Aim of the task >>
Each line of the data below should be restated exactly, with images left out.

:: Source material

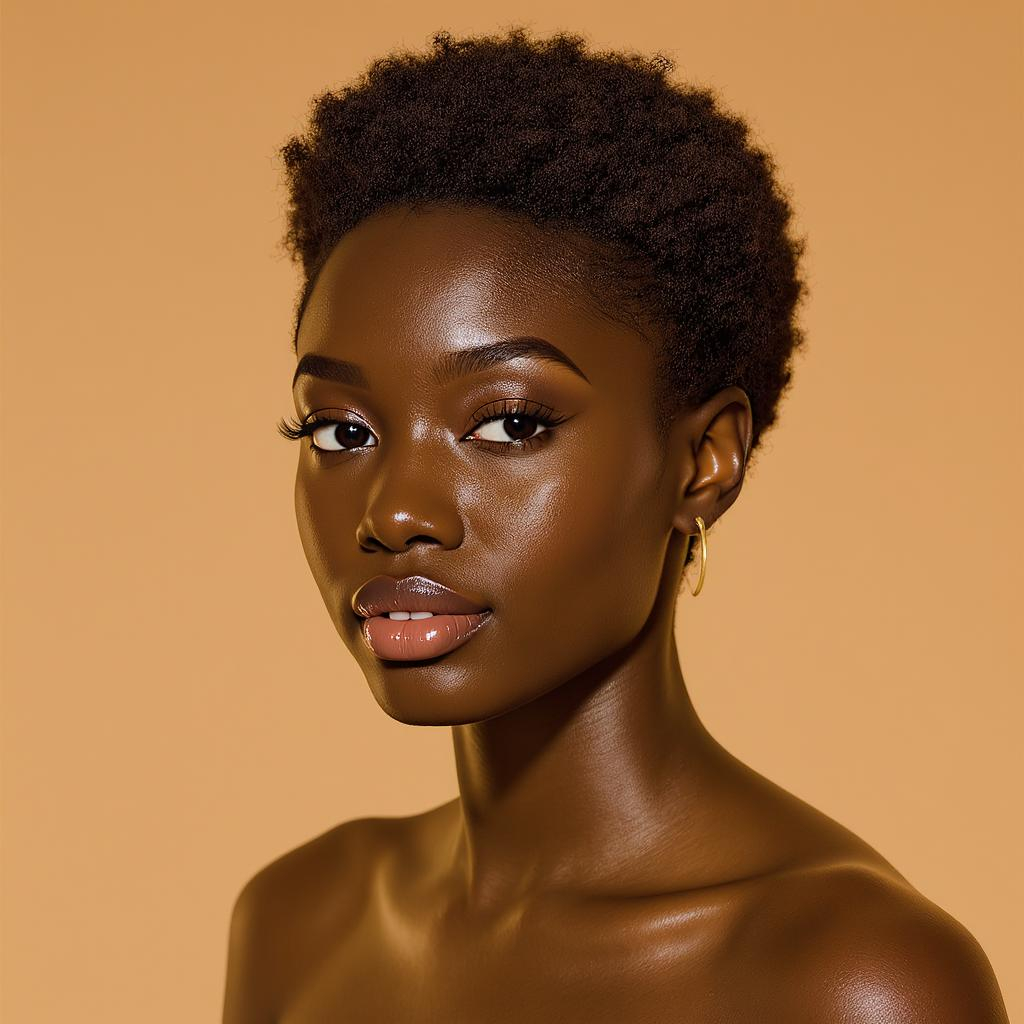Jeune femme noire avec coupe mini afro naturelle, cheveux très frisés, peau lumineuse et regard affirmé
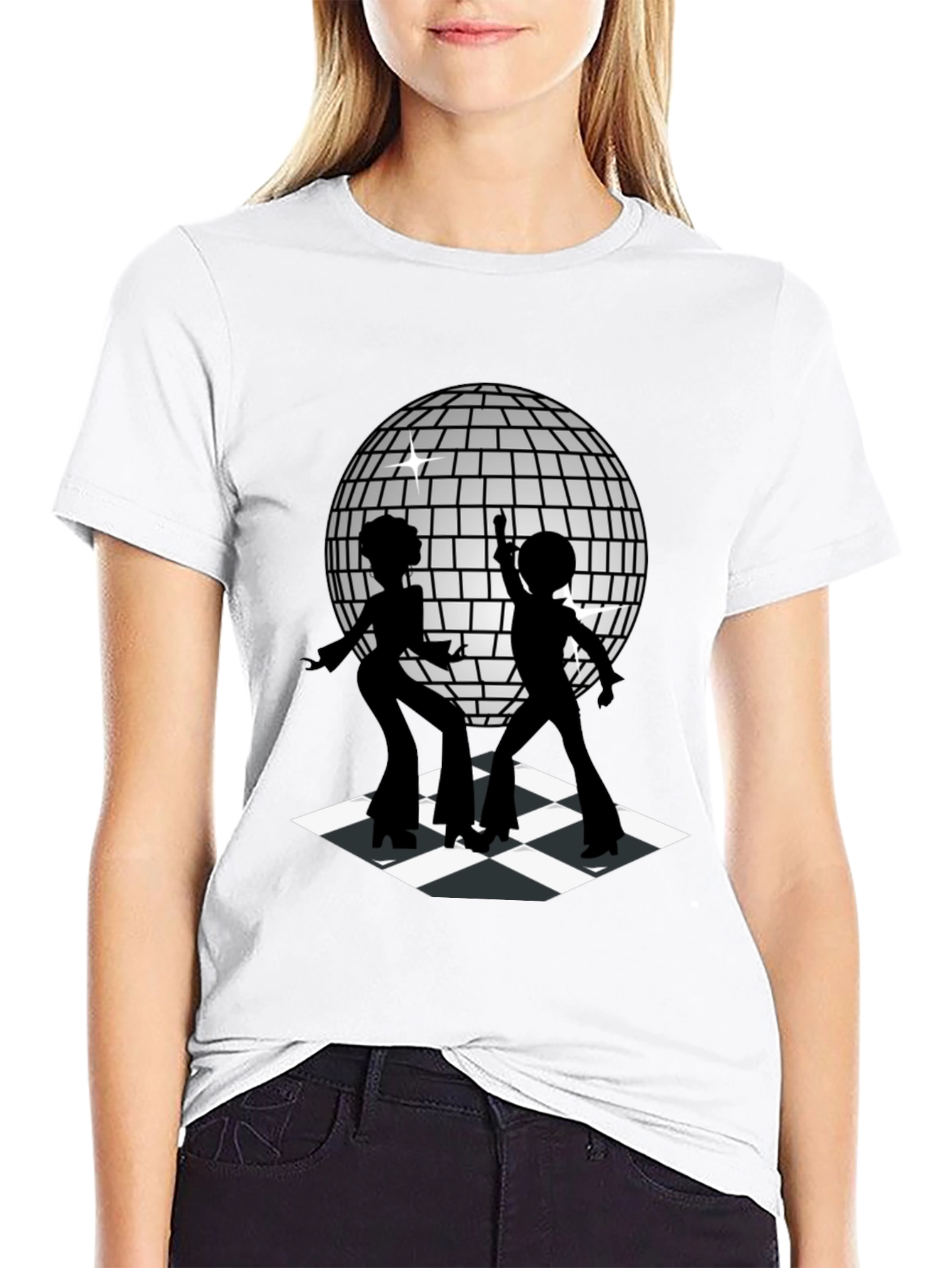 Black Retro Disco Dance T-Shirt - Black view 9
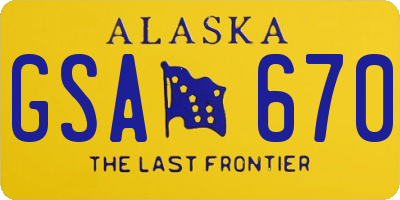 AK license plate GSA670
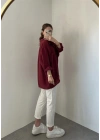 Bordo Oversize Tensel Gömlek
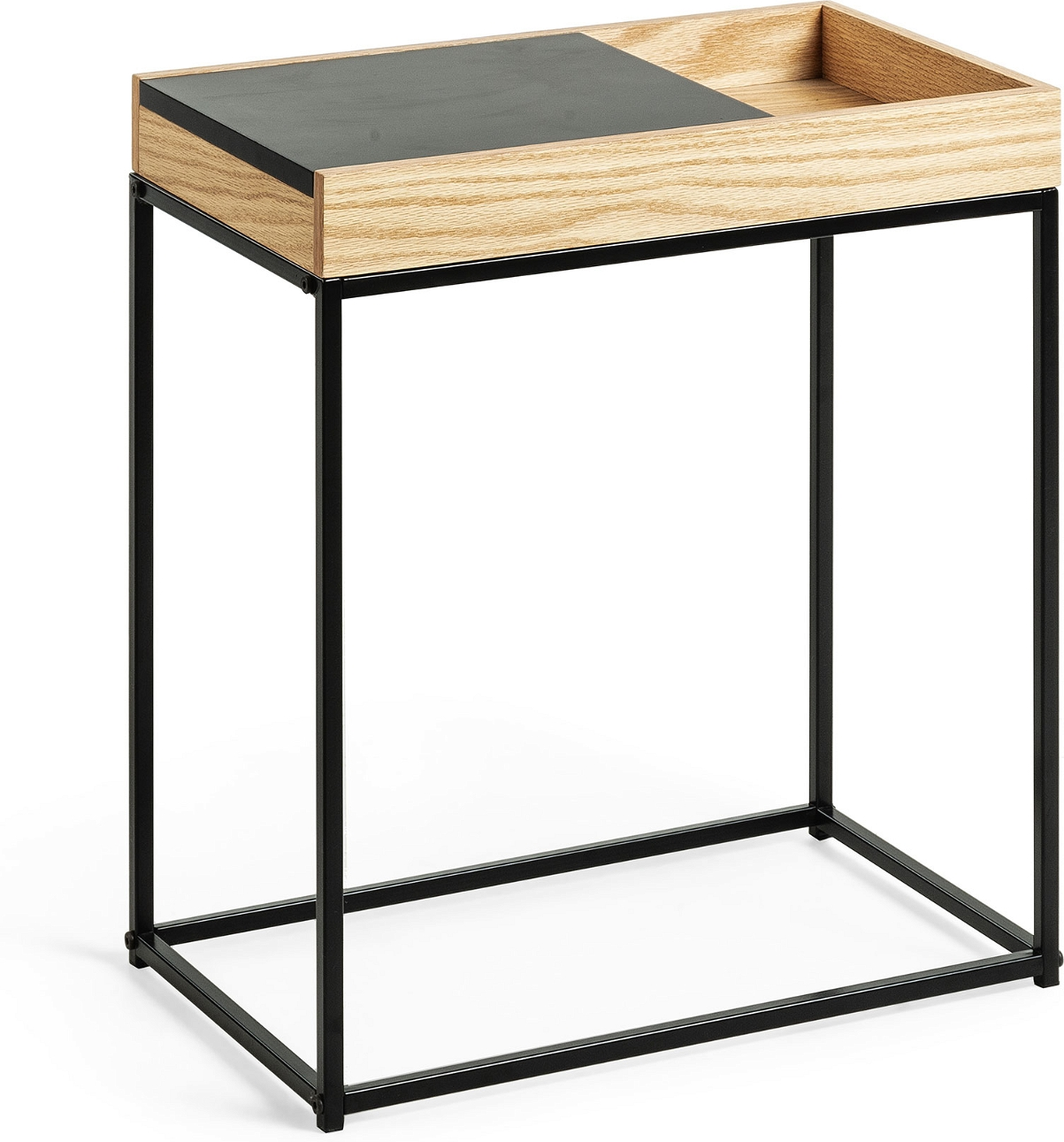 Sidebord Kave Home Detail  -  nordisk moderne hjørnebord i egetræ og sort metal H55xB30xL50 cm natur/sort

::::

Exercise response >>
Jeune femme noire avec coupe mini afro naturelle, cheveux très frisés, peau lumineuse et regard affirmé
 Black Retro Disco Dance T-Shirt - Black view 9
 AK license plate GSA670
 Bordo Oversize Tensel Gömlek
 Sidebord Kave Home Detail  -  nordisk moderne hjørnebord i egetræ og sort metal H55xB30xL50 cm natur/sort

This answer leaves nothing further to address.